You are not alone, as you can see from all of the posts.  I, too, was exactly where you are: We got our puppy 3 weeks ago, and I had three MAJOR crying spells - I was so exhausted/overwhelmed at his well-puppy checkup 2 days after we got him that the vet walked in and I busted into tears. Two days later, I was still so exhausted that when I took him out to potty and he wouldn't do anything but trot around and eat leaves, I silently cried in my front yard and wondered if I'd done the right thing by getting a puppy. On the 5th morning, I sank to the floor in the kitchen, again in tears, when I realized he'd had another accident in his crate despite us getting up and taking him out every 2.5 hours. 
I can't believe how much of a difference the 2nd and 3rd week have made... I've figured out his potty patterns, I actually have to wake HIM up every 3 hours to do the outside potty runs, and I've had enough sleep that I can keep my emotions in check. We still have a long way to go, as he's only 10.5 weeks right now, but I haven't felt that same 'overwhelmed' feeling for about a week now - He's actually a pleasure now that I've figured him out a little more, and it seems like every day of age makes him a little bit better when it comes to potty-training and sleeping in his crate. 
Hang in there - I have no doubt that relief is closer than you think. If you can get your SO to trade off just ONE of those overnight potty runs with you, it may help you get enough sleep during one night to at least feel like the world is back on its axis. It will get better and better, don't you worry.  Hugs to you... We are here to listen and support you!


----------



## Danielle926 (Nov 9, 2013)

The way you're feeling is completely normal! Senna is just over a year old now. My husband and I think back to when we got her at 8 weeks old and remember what a tough time we had with her. I cried pretty often myself. It takes time but with lots of training and consistency I promise you it does get better. Its VERY overwhelming and is a lot more work than you would ever think. We did basic puppy training and also had a trainer come to our house..which was all well worth the money! Hang in there!


----------



## Kirsten (Jun 18, 2013)

You are definitely not alone! I did the same thing (took that first week off work) and I was in tears many times and questioning my decision. It did get easier once I went back to work and we got into more of a routine. That first week I couldn't wait to start work again and now I can't wait to get off to see my puppy 

My puppy is 6 months now and he still has his "moments" but it does get better. The thing that has helped me most in those "moments" is to think of him old and gray. I read all the treads of other Goldens going to the Rainbow Bridge and I just know when that happens, I will be wishing for this puppy craziness!

Also, like others said, it really does help to tire them out. I do short (10 mins or so) training sessions many times a day.

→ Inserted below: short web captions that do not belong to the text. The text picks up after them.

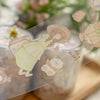 shō Little Happiness PET Tape - Let's Go Picnic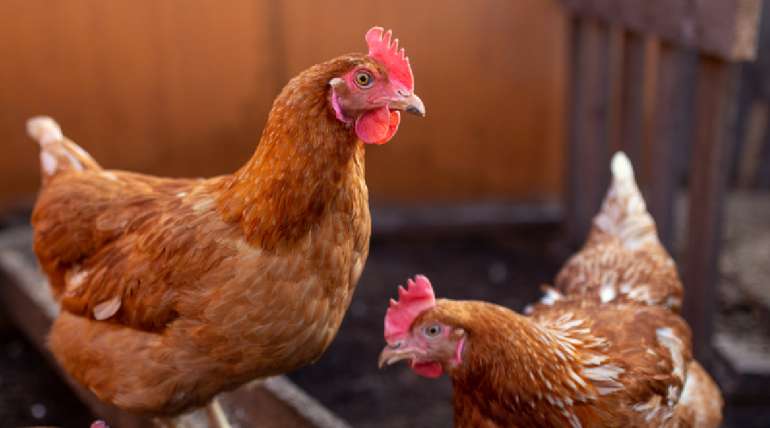 5 consejos para iniciar un criadero de gallinas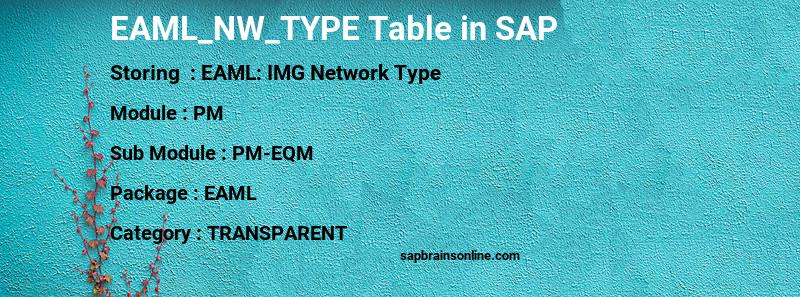 SAP EAML_NW_TYPE table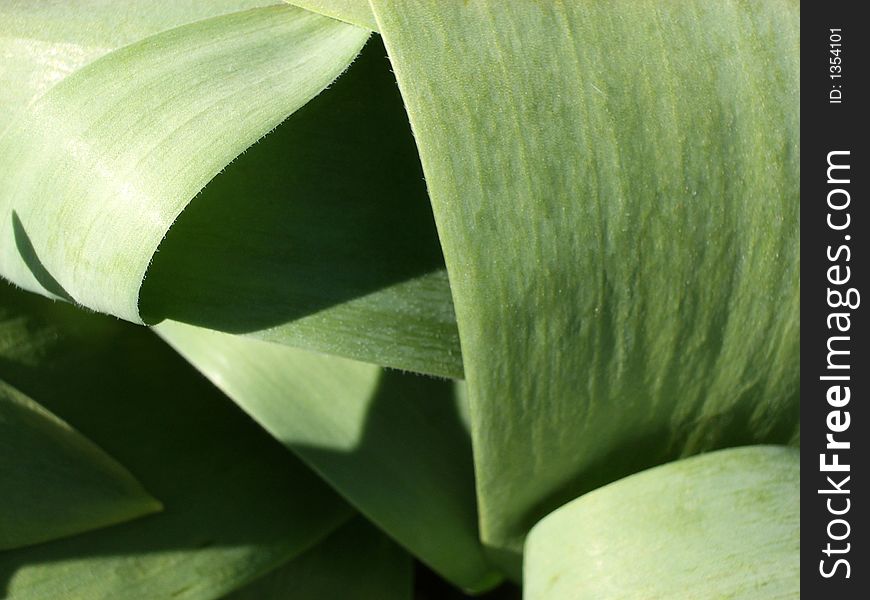 An image showing some very broad flat,green leaves. An image showing some very broad flat,green leaves.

I also take a muffin tray and hide a treat in one of the cups and then cover them all with tennis balls. At the beginning it took him awhile to figure it out. And peanut butter filled Kongs have been a god sent 

Hang in there!


----------



## therese bowles (Nov 21, 2013)

I posted earlier. Went to the vet for my 9 week old shots.First thing she said to me, " you look so tired". After talking to her about my puppy woes she suggested I may want to board her for a night to get back on my feet. Some may disagree, but I am considering it. She said Lilly would be safe, no shame and I would have a new attitude once I got some rest. Just a thought.....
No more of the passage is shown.